Understanding the Newton-Raphson Method
The Newton-Raphson method is a powerful numerical technique used to find successively better approximations to the roots of a real-valued function $f(x) = 0$.
Given an initial guess $x_0$, the method uses the tangent line of the function at that point to find a closer approximation.
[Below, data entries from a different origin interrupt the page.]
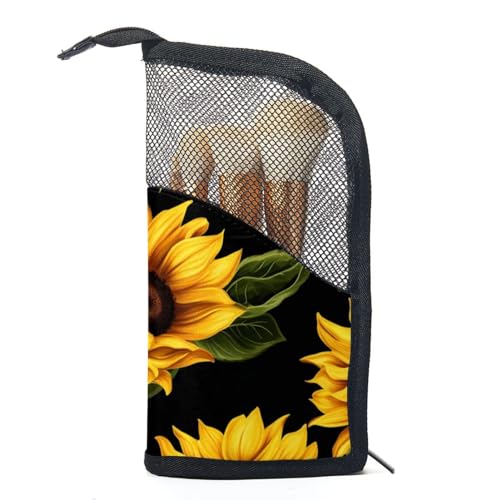 Make up Taschen für Damen,Kulturbeutel für Herren,Sonnenblume im Kunststil,Reise Kosmetiktasche von VTGHDEEQ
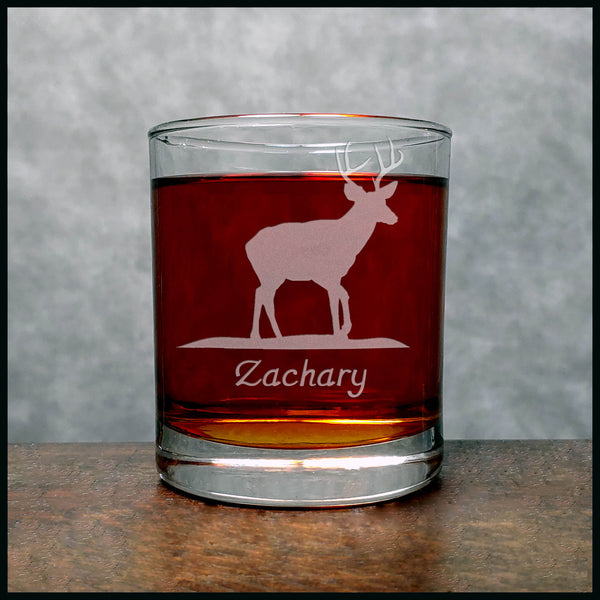Personalized Stag Deer Whisky Glass - Copyright Hues in Glass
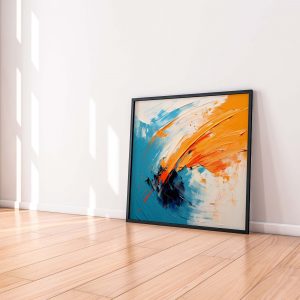 Broad Brushstrokes in Orange on Blue and White | Abstract Art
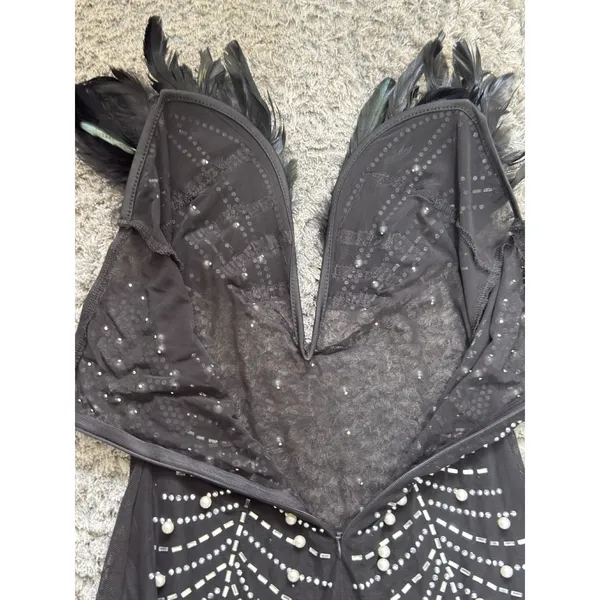 Beaded Pearl Sheer Feather Bust Dress Size Small Stretchy Bodycon Night Out - Image 12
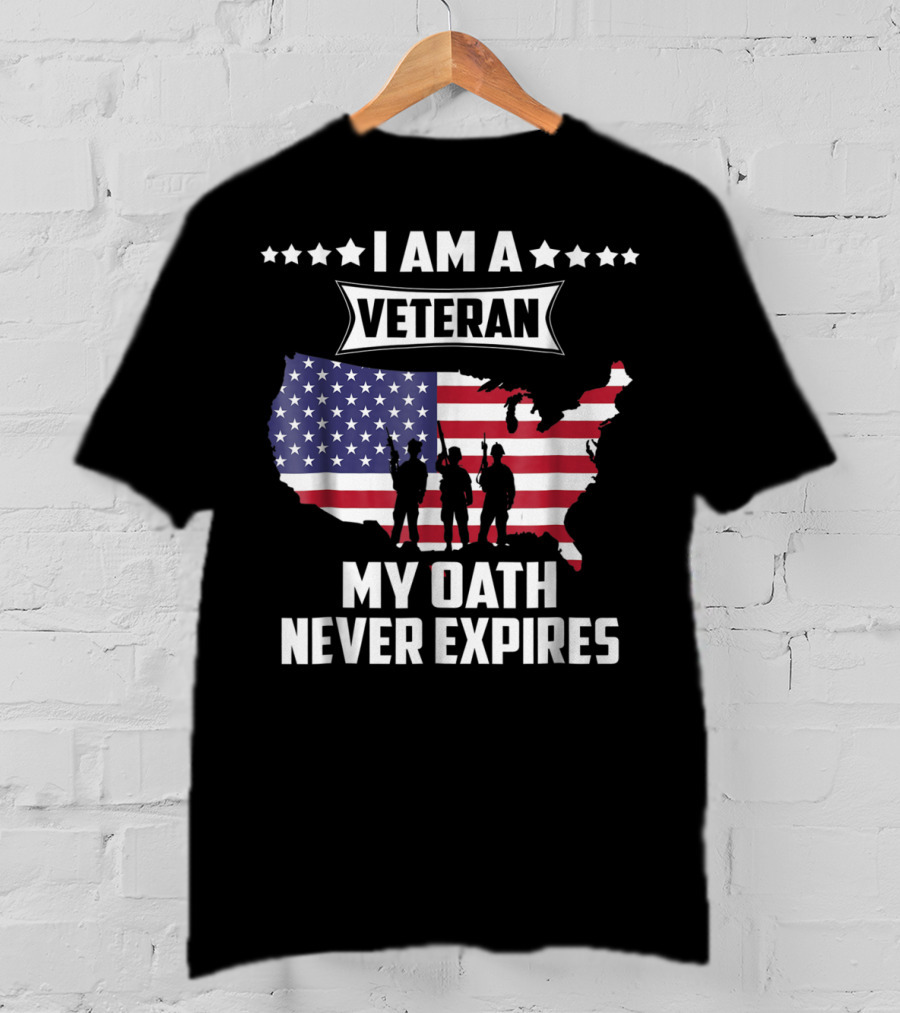 I Am A Veteran My Oath Never Expires USA Map Flag T-Shirt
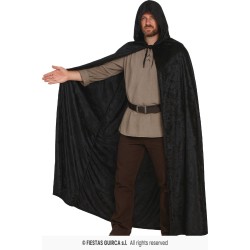 CAPA NEGRA CON CAPUCHA TERCIOPELO 130 CM
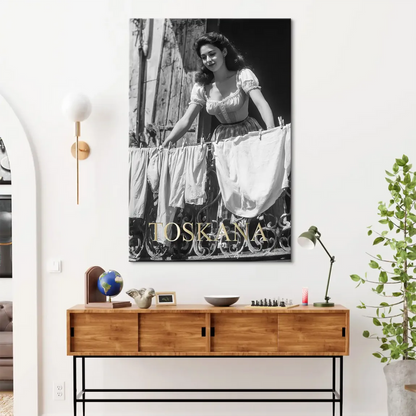 Ornate metal railing and a serene, nostalgic mood in a monochrome wall art.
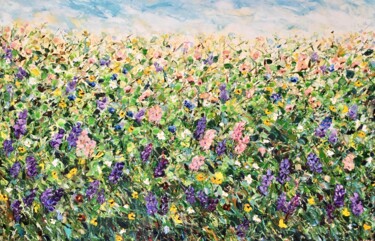Large Lupine Flowers Impasto Oil Painting On Canvas Artwork Painting titled "Large Lupine Flower…" by Vilma Gataveckiene, Original Artwork, Oil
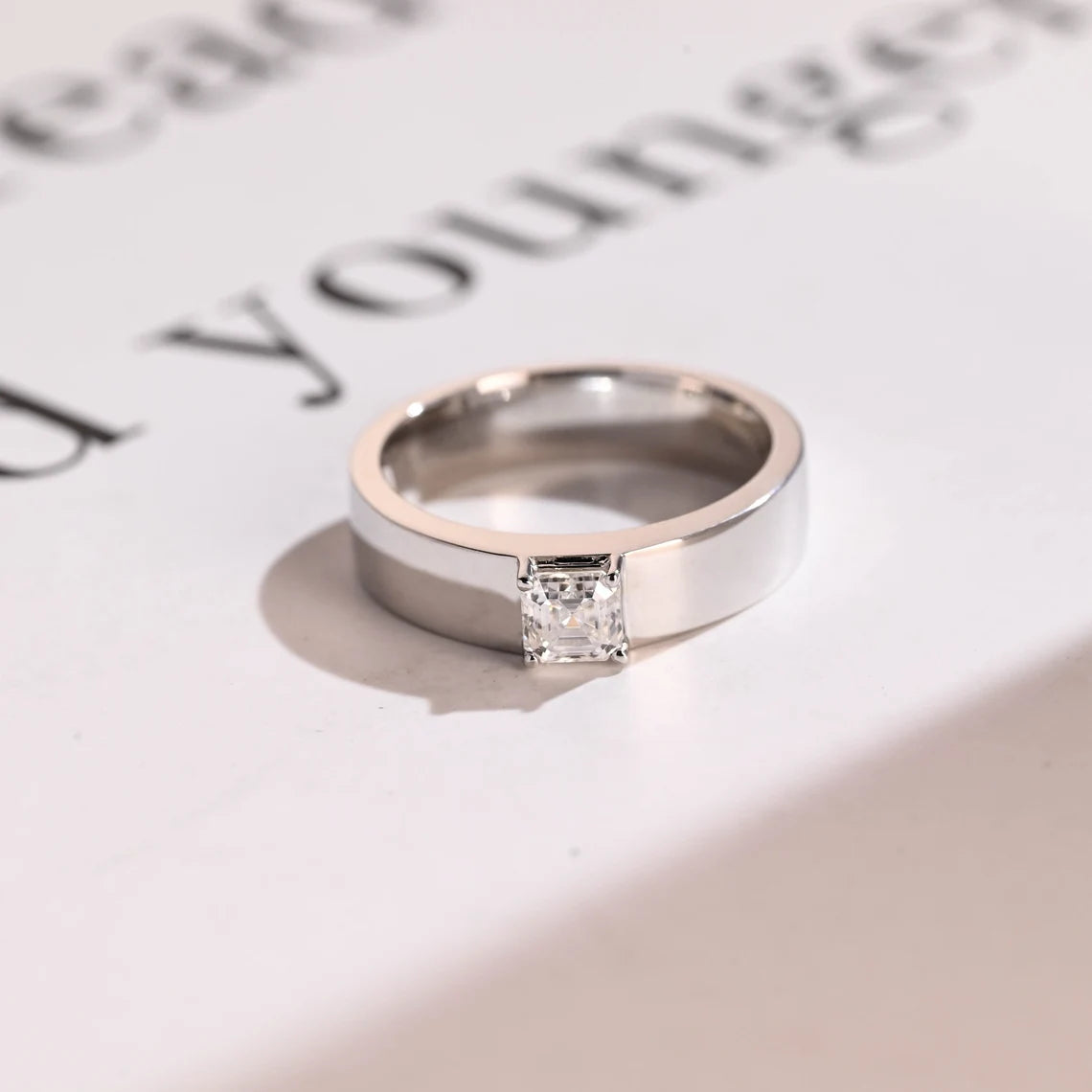 Asscher cut moissanite ring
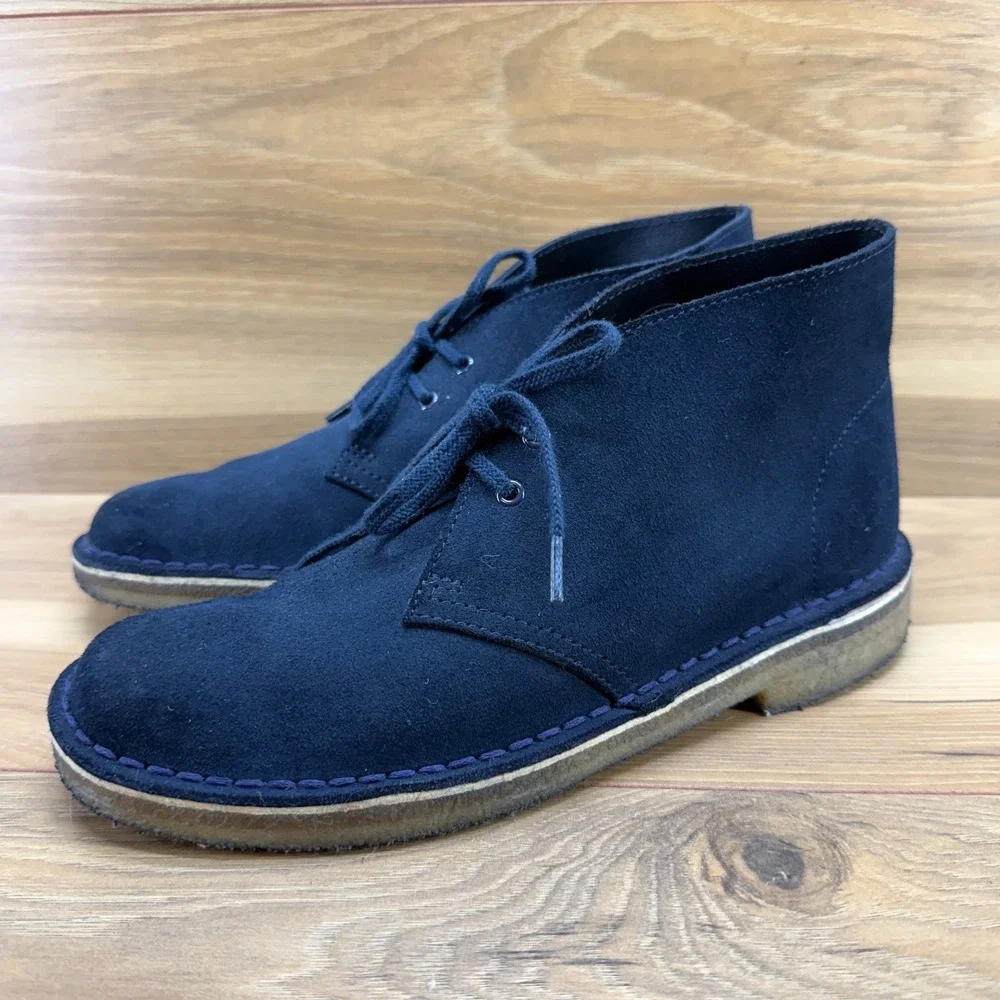 Clarks‎ Charles F Stead Chukka Boots Womens 8 M Navy Blue Suede Ankle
The iterative formula is defined as:
$$x_{n+1} = x_n - \frac{f(x_n)}{f'(x_n)}$$
Solving $x^3 - 18 = 0$
Given the function $f(x) = x^3 - 18$ on the interval $(2, 3)$, we follow these steps:
1. Define the Function and its Derivative
- $f(x) = x^3 - 18$
- $f'(x) = 3x^2$
2. Choose an Initial Guess
Since we are looking for the root in the interval $(2, 3)$, let's pick a midpoint as our initial guess:
- $x_0 = 2.5$
3. Iteration Process
Plug the formula into the iteration equation: $$x_{n+1} = x_n - \frac{x_n^3 - 18}{3x_n^2}$$
Iteration 1:
- $x_0 = 2.5$
- $f(2.5) = (2.5)^3 - 18 = 15.625 - 18 = -2.375$
- $f'(2.5) = 3(2.5)^2 = 18.75$
- $x_1 = 2.5 - (-2.375 / 18.75) \approx 2.5 + 0.1267 = 2.6267$
Iteration 2:
- $x_1 = 2.6267$
- $f(2.6267) = (2.6267)^3 - 18 \approx 18.134 - 18 = 0.134$
- $f'(2.6267) = 3(2.6267)^2 \approx 20.697$
- $x_2 = 2.6267 - (0.134 / 20.697) \approx 2.6267 - 0.0065 = 2.6202$
Intuition
After just two iterations, we have narrowed down the root to approximately 2.6202. The actual cube root of 18 is approximately 2.6207. You can see how rapidly this method converges to the true value by utilizing the gradient of the function to "aim" at the x-axis intercept.